Key questions the ICO is addressing include:
- How organisations should demonstrate that their processing falls within a recognised category
- What documentation is required (even if less than a full LIA)
- How to handle edge cases where processing might serve multiple purposes
- The interaction between recognised legitimate interests and other lawful bases
- Guidance on when to use recognised legitimate interests versus standard legitimate interests
Organisations can participate by submitting written responses through the ICO’s consultation portal. Even if you don’t submit formal feedback, reviewing the consultation documents will help you understand how the ICO expects the new lawful basis to be applied.
The consultation is particularly relevant if your organisation regularly processes data for crime prevention, safeguarding, or supporting public bodies. Your practical experience can help shape guidance that works in the real world.
Implementation Timeline and Next Steps
The Data (Use and Access) Act received Royal Assent in June 2025, but the provisions will be implemented in stages over 2-12 months.
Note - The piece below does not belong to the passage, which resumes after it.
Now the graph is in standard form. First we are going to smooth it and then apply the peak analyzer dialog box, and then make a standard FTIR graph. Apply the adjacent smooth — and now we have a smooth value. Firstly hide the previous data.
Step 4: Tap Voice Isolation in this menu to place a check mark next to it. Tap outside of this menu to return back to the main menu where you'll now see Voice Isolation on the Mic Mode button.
Different elements of the Act come into force at different times, as specified by commencement regulations.
The ICO has indicated it will publish final guidance on recognised legitimate interests in winter 2025/2026, after analysing consultation responses. This guidance will provide practical examples and clarify expectations.
What you should do now:
Review your current processing activities: Identify where you currently rely on standard legitimate interests. Could any of these qualify as recognised legitimate interests once the provisions come into force?
Map your data flows: Document how you process data for crime prevention, safeguarding, emergencies, or supporting public tasks. This preparation will make it easier to adopt recognised legitimate interests when they become available.
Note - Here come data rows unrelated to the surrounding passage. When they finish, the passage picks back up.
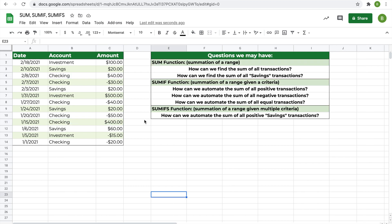In summary, today we looked at the SUM, SUMIF, and SUMIFS functions — finding the sum of a range, a range given one criteria, and a range given multiple criteria. These are functions I use a lot and I think they're very useful. If you enjoyed and learned something, please leave a like and subscribe. Thank you.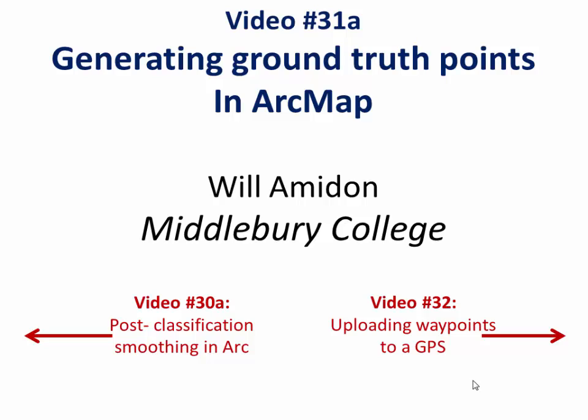Hi everybody, welcome to video 31A. The last few videos we've been making a classified image of Yellowstone National Park after the 88 wildfires. In this video I want to show you how to make ground truth points. Ground truth points are used to randomly pick a bunch of locations that you can then go to the field with your classified map and assess whether your classified class actually matches the actual class on the ground.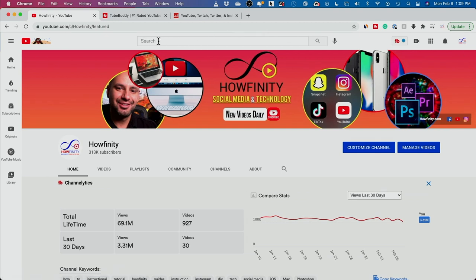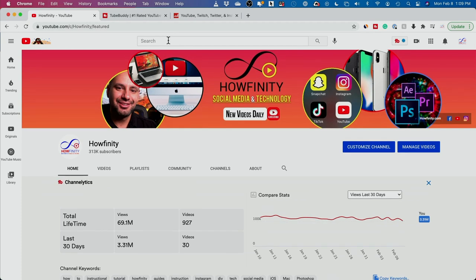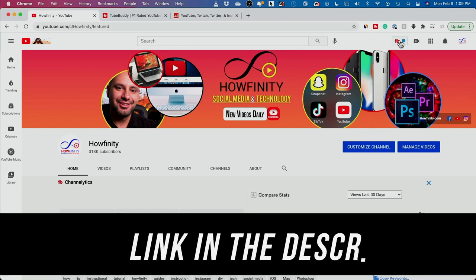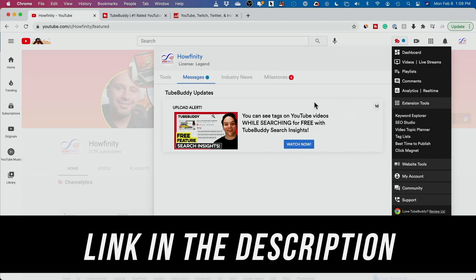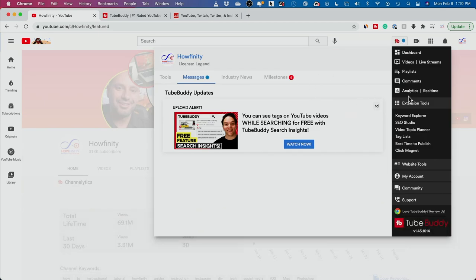Let me show you this search bar — this is what we want people to use to find our content. To do that, we need titles that are easily discoverable in search. My secret weapon for that is called TubeBuddy. You can get it from my link in the description for free — it's a plugin. It has paid upgrades with more powerful options, but get started for free and upgrade later.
Monitor ICO guidance: Watch for the ICO’s final guidance document. It will contain practical examples and clarification on documentation requirements.
Update your privacy notices: Once recognised legitimate interests come into force, you’ll need to update privacy information to explain this lawful basis to data subjects.
Train your team: Make sure staff who make decisions about data processing understand when recognised legitimate interests apply and when you still need a full legitimate interests assessment.
Don’t rush to change your current practices before the provisions are fully in force and ICO guidance is published. Continue using your existing lawful bases until you have clarity on implementation requirements.
Conclusion
Recognised legitimate interests represent a practical evolution in UK data protection law, offering clarity for specific, pre-approved uses. While the consultation period is still open, organisations should familiarise themselves with the categories and assess whether their processing activities might qualify.
The key takeaway is that recognised legitimate interests don’t reduce your obligations—they reduce administrative burden for activities that clearly serve the public good. You still need to process data fairly, transparently, and proportionately. But you can do so with greater legal certainty and less documentation overhead.
As implementation progresses through 2025 and 2026, this new lawful basis could streamline compliance for many common data processing scenarios, particularly in sectors dealing with safeguarding, security, and public service delivery. Stay engaged with the ICO’s consultation and guidance to ensure you’re ready when the time comes to implement this change.